--- TASK DETAILS ---
Everything from the line holding "TOYOTA-HILUX SW4-2022" through the last line of the data, and nothing else, should be retyped exactly, with no pictures.

▽

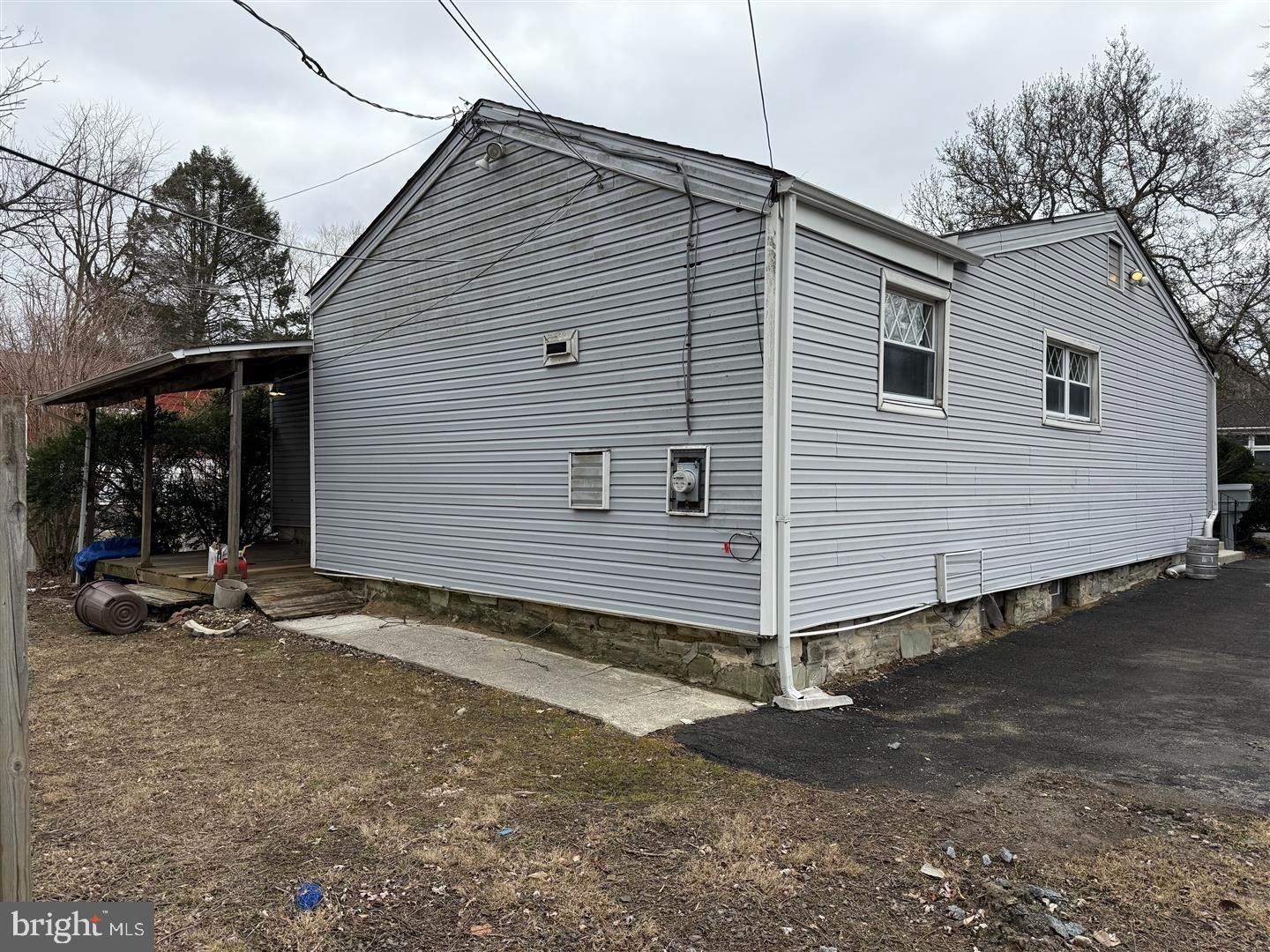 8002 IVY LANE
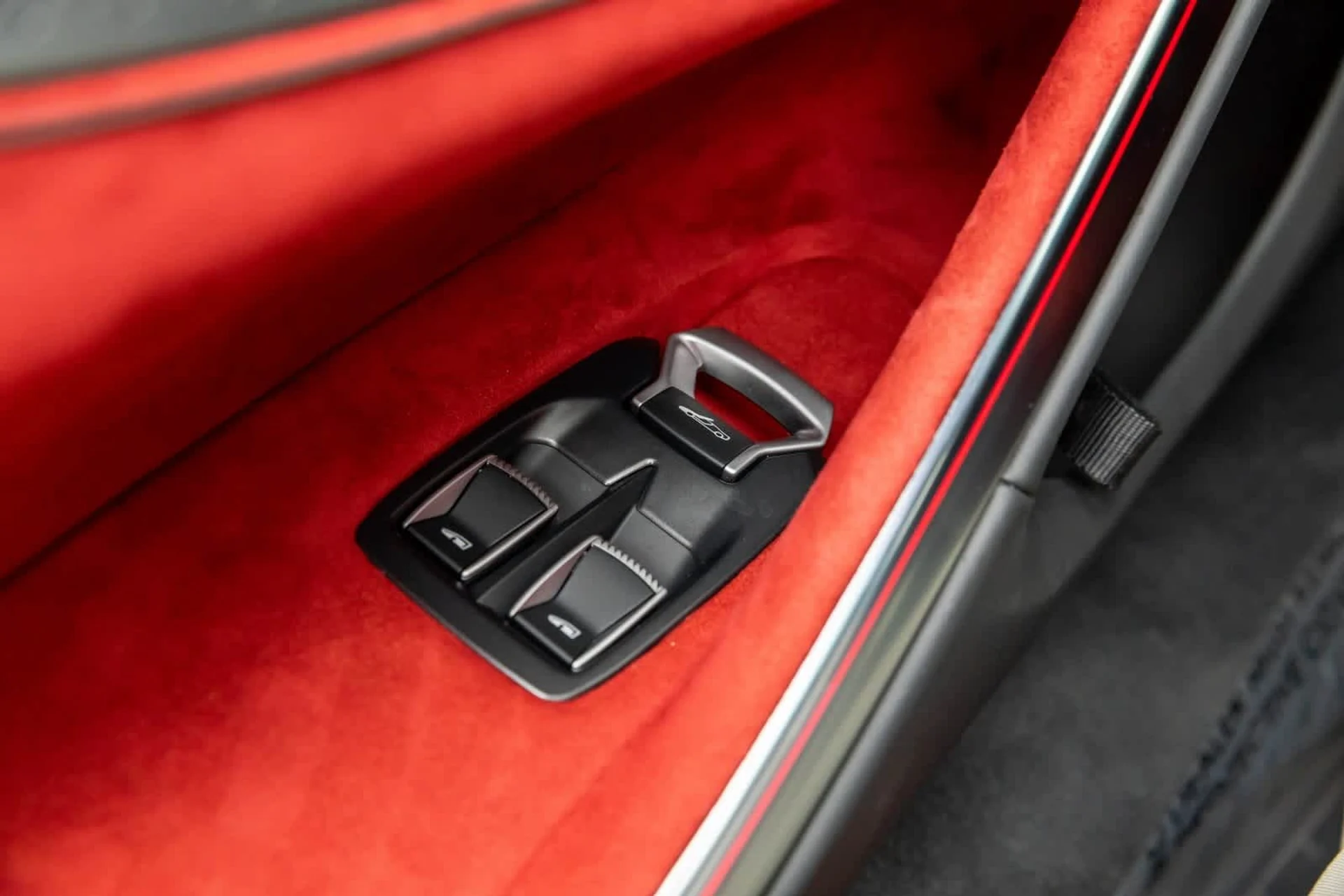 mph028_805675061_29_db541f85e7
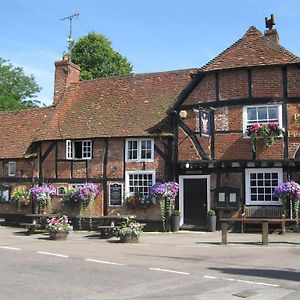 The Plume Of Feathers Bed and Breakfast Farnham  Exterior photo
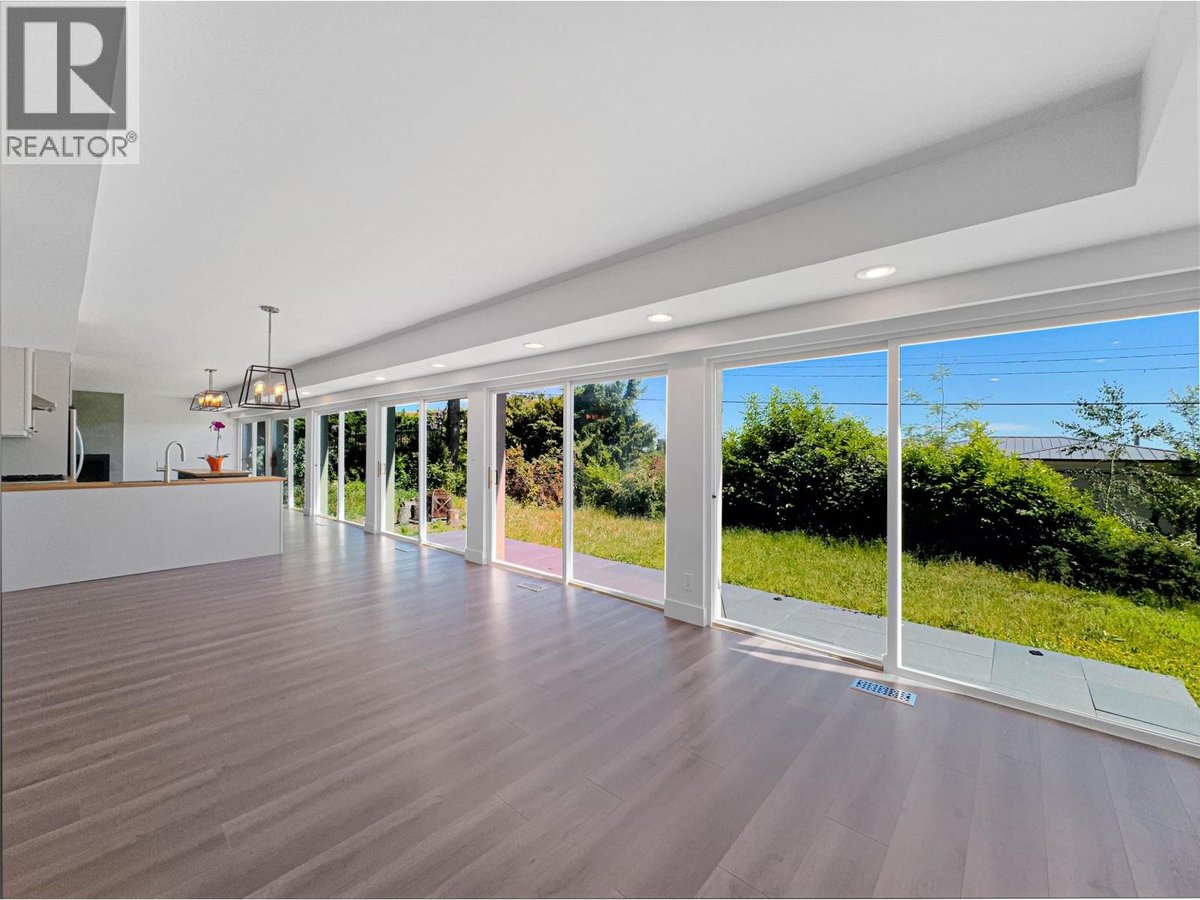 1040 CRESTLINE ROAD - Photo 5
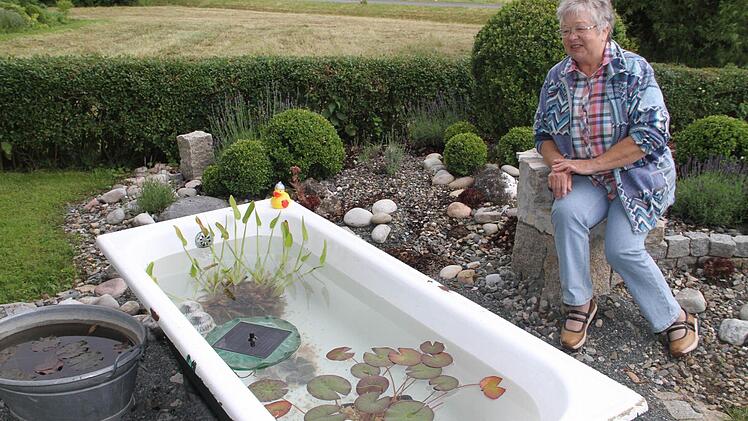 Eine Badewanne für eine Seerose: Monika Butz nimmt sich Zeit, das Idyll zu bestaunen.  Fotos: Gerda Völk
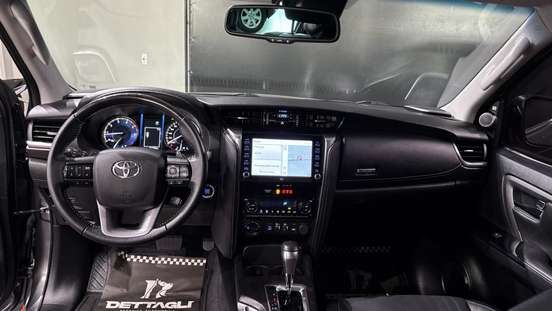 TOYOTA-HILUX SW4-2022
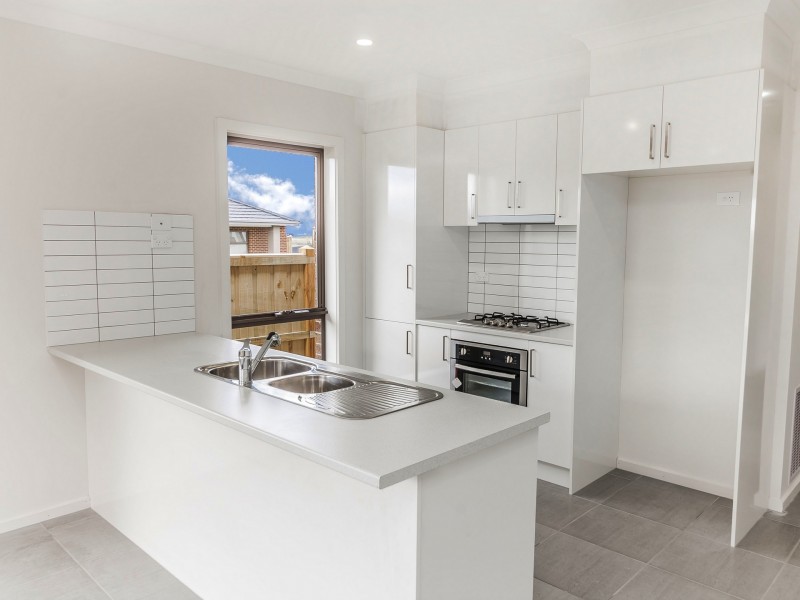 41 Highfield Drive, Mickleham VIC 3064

△

--- ANSWER TO THIS TASK ---
 TOYOTA-HILUX SW4-2022
 41 Highfield Drive, Mickleham VIC 3064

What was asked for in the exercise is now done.